Разумеется, в течение Первого Года Вторжения (и тройки месяцев следующего) случились мятежи – что-что, а бунтовать по самым разным поводам люди приноровились с древнейших времен. Числом четыре. В одном преобладали готанги, и отнюдь не бедные и захудалые, хотевшие свергнуть короля, «продавшего страну неведомым чудищам», три остальных, как я понял, не имели даже подобия теоретического обоснования и сводились к нехитрой цели: истребить ватаков и зажить по-старому. Что немного удивляет, в них главной движущей силой были городские ремесленники и крестьяне – хотя они, особенно крестьяне, почти ничего и не потеряли от перемен, наоборот, кое-что полезное, облегчавшее работу и вообще жизнь, приобрели. Грайт не вдавался в подробности, но у меня появились подозрения, что и здесь без готангов не обошлось, – в нашем мире порой случались мятежи простонародья, где за кулисами скромненько притаилась знать, лорды, бароны и бояре, – о чем многие бунтовщики и не подозревали до самого конца…
Все мятежи были очень быстро подавлены силами исключительно ватаков – оказалось (для меня оказалось, здесь об этом узнали очень быстро), имеются и подвижные Светоносные Изгороди, огромного диаметра кольцом или овалом окружавшие летающие лодки и точно так же вызывавшие мгновенную смерть любого их коснувшегося живого существа. Если на пути встречалось строение, Изгородь, ничуть не меняя очертаний, проникала внутрь – с понятными печальными последствиями. Лодки могли летать со скоростью мчащегося галопом коня, так что быстро было покончено с отрядами мятежников, все причастные к мятежам деревни и города обезлюдели полностью, так и стоят поныне – вышедшим вскоре королевским указом запрещалось впредь там селиться, и говорилось еще, что в случае новых мятежей будет поступлено точно так же…
После этого большие мятежи полностью прекратились. Не из трусости (Грайт это особо подчеркнул), а по причине их полной безнадежности – бессмысленно идти на открытый мятеж, если заранее знаешь, что при всей твоей отваге закончится непременно тем, что прилетят ватаки и быстро всех уничтожат, а защиты против них нет. Я поторопился вполне искренне заверить, что прекрасно все понимаю: это все равно что выходить против крупного опасного хищника с палкой – ни единого шанса…

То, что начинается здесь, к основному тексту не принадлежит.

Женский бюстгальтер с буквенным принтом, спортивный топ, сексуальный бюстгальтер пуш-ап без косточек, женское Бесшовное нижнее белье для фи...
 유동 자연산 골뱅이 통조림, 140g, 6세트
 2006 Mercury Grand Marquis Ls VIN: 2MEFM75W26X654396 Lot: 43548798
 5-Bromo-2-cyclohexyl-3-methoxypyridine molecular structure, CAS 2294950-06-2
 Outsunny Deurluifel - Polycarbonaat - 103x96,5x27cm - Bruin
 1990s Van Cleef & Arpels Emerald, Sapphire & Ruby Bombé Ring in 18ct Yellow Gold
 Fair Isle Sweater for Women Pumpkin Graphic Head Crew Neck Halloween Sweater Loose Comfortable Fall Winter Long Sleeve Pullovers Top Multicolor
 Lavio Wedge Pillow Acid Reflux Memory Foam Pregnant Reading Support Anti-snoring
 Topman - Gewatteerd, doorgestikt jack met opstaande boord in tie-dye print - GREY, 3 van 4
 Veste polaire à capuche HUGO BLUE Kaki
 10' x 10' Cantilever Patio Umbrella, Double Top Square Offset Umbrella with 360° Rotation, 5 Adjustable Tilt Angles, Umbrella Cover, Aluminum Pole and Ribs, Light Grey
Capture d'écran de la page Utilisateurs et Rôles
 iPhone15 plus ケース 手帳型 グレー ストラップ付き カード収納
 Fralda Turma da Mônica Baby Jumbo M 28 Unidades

В течение следующего года в разных уголках королевства произошло еще четыре бунта – всякий раз в пределах одной деревни, и последствия всякий раз были теми же: нет больше этих деревень и нет их жителей… Других бунтов не случилось. Единственная доступная форма протеста – уходить в лесные разбойники, но на это далеко не всякий ненавидящий завоевателей решится – и семья держит, и склад характера. В иных местах разбойников довольно много – и ватаки никогда не устраивают на них больших облав, оставляя это Золотой Страже, тоже, впрочем, не проявляющей особого рвения рыскать по дремучим лесам, где стрела может прилететь из-за каждого куста: стражники – люди, а Изгородь им не дают (а может, она работает только в присутствии ватаков, их летающих лодок). Одним словом, люди смирились…
А десять лет назад появилось Братство. Грайт не вдавался в подробности, но я про себя подумал: скорее всего, даже наверняка, нашелся наконец кто-то энергичный и решительный (как товарищ Сталин в Баку), подобрал столь же деятельных единомышленников, и дело завертелось.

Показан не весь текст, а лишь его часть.